(Stored items)
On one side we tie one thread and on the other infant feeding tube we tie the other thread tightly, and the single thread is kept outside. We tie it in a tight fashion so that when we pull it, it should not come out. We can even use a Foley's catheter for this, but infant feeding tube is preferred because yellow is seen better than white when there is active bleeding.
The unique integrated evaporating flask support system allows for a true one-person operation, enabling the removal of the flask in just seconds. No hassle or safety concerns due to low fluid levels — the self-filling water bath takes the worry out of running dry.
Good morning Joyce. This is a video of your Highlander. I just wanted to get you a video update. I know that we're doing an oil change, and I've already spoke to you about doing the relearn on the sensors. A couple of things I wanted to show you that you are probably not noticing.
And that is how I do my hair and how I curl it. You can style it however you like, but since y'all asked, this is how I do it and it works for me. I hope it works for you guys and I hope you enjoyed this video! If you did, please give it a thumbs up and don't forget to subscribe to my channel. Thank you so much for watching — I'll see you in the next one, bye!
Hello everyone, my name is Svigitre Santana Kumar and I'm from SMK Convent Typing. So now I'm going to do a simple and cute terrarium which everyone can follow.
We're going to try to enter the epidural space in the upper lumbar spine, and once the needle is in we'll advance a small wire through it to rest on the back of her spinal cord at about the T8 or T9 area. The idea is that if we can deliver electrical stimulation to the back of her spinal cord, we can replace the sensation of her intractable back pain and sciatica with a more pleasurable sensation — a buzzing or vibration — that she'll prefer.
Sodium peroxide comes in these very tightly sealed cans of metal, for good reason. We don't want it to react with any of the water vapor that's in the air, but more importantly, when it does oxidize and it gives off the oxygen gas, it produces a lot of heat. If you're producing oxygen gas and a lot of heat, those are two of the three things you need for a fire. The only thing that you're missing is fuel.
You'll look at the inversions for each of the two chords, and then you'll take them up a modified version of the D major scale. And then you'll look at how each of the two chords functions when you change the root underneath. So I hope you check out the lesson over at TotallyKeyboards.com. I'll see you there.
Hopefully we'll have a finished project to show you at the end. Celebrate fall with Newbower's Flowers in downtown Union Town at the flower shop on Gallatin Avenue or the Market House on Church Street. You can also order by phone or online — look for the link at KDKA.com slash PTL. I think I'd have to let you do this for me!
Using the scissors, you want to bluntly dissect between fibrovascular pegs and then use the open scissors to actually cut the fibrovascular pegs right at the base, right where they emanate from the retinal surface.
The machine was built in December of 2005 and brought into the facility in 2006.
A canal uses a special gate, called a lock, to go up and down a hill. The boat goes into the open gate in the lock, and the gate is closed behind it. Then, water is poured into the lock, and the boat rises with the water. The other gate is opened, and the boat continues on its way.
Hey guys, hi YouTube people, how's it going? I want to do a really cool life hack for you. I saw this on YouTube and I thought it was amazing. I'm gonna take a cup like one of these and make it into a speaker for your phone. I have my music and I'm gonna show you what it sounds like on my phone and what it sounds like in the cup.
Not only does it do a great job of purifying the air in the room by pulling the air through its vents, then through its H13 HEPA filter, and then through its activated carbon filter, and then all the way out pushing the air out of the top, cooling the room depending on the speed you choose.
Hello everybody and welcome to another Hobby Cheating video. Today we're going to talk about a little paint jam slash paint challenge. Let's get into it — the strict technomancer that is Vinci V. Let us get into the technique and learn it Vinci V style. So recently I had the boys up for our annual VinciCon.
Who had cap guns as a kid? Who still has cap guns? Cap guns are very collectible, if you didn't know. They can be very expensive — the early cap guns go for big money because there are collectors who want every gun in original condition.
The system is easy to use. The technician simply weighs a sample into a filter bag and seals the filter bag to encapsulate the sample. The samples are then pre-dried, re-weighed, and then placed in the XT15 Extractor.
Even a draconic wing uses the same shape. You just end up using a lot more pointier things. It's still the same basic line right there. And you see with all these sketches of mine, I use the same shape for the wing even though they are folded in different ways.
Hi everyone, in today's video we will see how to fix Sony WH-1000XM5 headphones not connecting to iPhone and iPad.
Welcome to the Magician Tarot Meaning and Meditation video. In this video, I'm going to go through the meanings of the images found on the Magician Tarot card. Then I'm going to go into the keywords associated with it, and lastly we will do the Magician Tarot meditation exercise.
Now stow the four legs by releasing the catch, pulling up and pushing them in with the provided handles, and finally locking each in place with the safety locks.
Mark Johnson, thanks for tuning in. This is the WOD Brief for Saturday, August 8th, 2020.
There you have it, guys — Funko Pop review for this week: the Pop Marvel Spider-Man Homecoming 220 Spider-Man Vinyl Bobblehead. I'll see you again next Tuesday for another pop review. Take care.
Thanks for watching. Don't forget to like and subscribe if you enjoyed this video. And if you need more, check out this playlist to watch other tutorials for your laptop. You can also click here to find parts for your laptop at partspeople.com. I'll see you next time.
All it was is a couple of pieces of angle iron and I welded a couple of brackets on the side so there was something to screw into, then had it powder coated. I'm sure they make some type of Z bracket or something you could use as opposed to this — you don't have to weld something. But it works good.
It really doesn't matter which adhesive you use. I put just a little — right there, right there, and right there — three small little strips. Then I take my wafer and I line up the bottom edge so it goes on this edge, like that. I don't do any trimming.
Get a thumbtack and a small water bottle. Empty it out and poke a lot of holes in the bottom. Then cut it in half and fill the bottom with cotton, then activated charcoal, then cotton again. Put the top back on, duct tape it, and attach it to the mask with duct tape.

Task goal:
Write out the records above exactly, from the opening line to the line with "The unique integrated", including both, with nothing added.

Written response:
On one side we tie one thread and on the other infant feeding tube we tie the other thread tightly, and the single thread is kept outside. We tie it in a tight fashion so that when we pull it, it should not come out. We can even use a Foley's catheter for this, but infant feeding tube is preferred because yellow is seen better than white when there is active bleeding.
The unique integrated evaporating flask support system allows for a true one-person operation, enabling the removal of the flask in just seconds. No hassle or safety concerns due to low fluid levels — the self-filling water bath takes the worry out of running dry.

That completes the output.